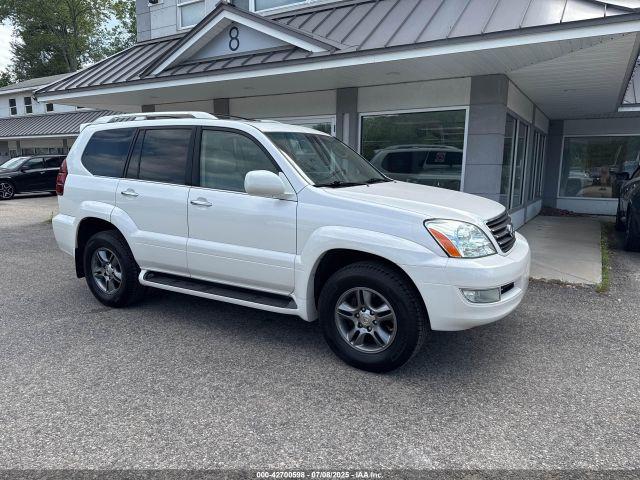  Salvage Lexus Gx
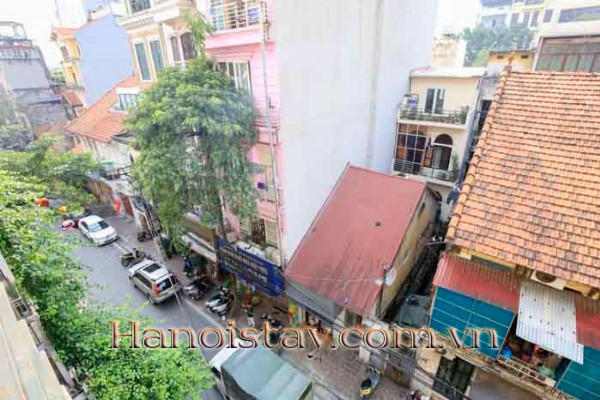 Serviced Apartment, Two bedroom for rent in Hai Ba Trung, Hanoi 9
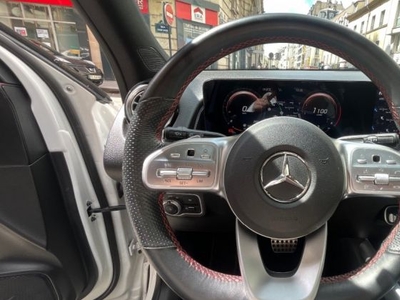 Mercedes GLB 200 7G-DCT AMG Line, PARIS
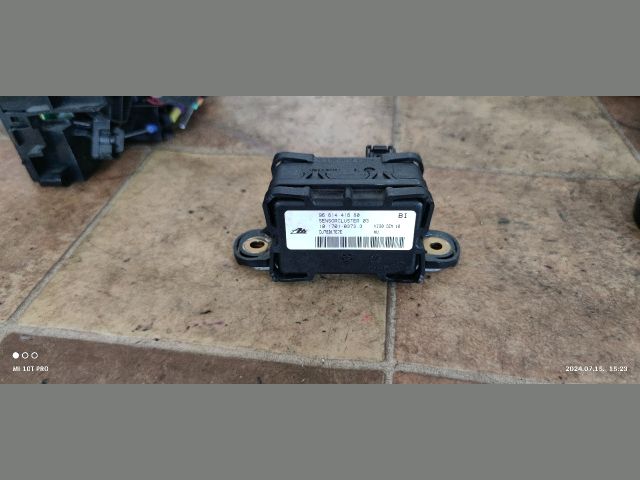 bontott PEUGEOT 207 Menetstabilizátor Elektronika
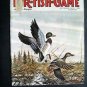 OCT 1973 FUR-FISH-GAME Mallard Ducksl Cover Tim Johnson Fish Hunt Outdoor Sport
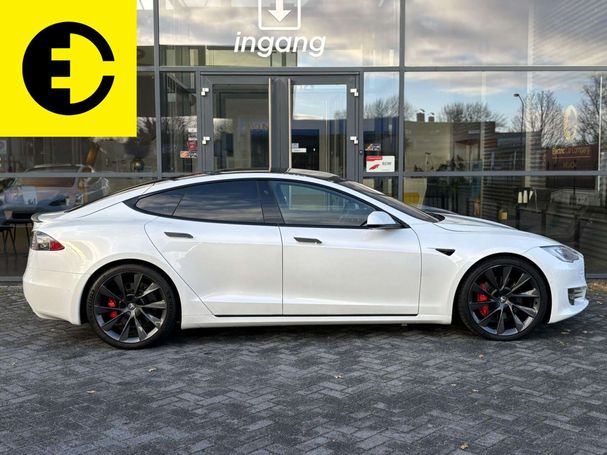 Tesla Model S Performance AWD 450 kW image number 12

---

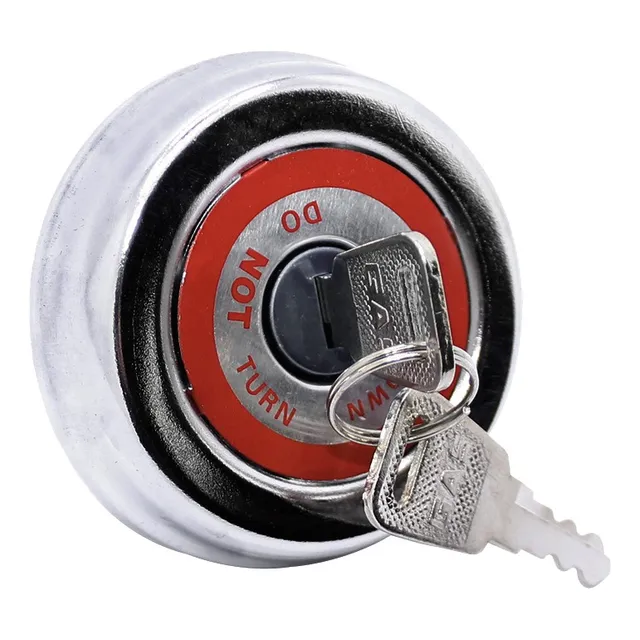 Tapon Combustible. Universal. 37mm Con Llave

...

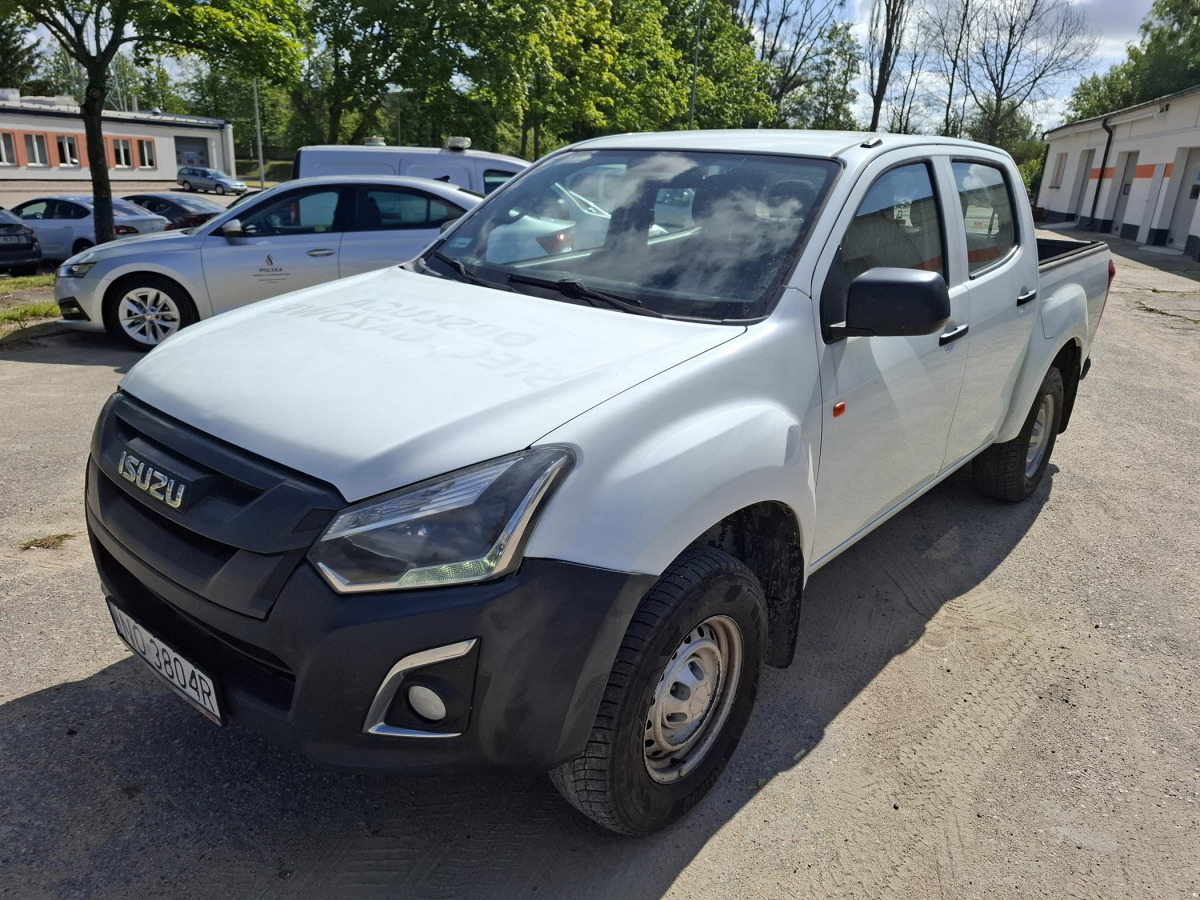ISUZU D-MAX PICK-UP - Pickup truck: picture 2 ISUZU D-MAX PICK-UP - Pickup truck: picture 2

[EXERCISE OBJECTIVE]
Beginning at the line that has "Salvage Lexus Gx" and ending at the line that has "Tesla Model S", restate the listing above word for word, pictures left out.

[ANSWER SPACE]
  Salvage Lexus Gx
 Serviced Apartment, Two bedroom for rent in Hai Ba Trung, Hanoi 9
 Mercedes GLB 200 7G-DCT AMG Line, PARIS
 bontott PEUGEOT 207 Menetstabilizátor Elektronika
 OCT 1973 FUR-FISH-GAME Mallard Ducksl Cover Tim Johnson Fish Hunt Outdoor Sport
 Tesla Model S Performance AWD 450 kW image number 12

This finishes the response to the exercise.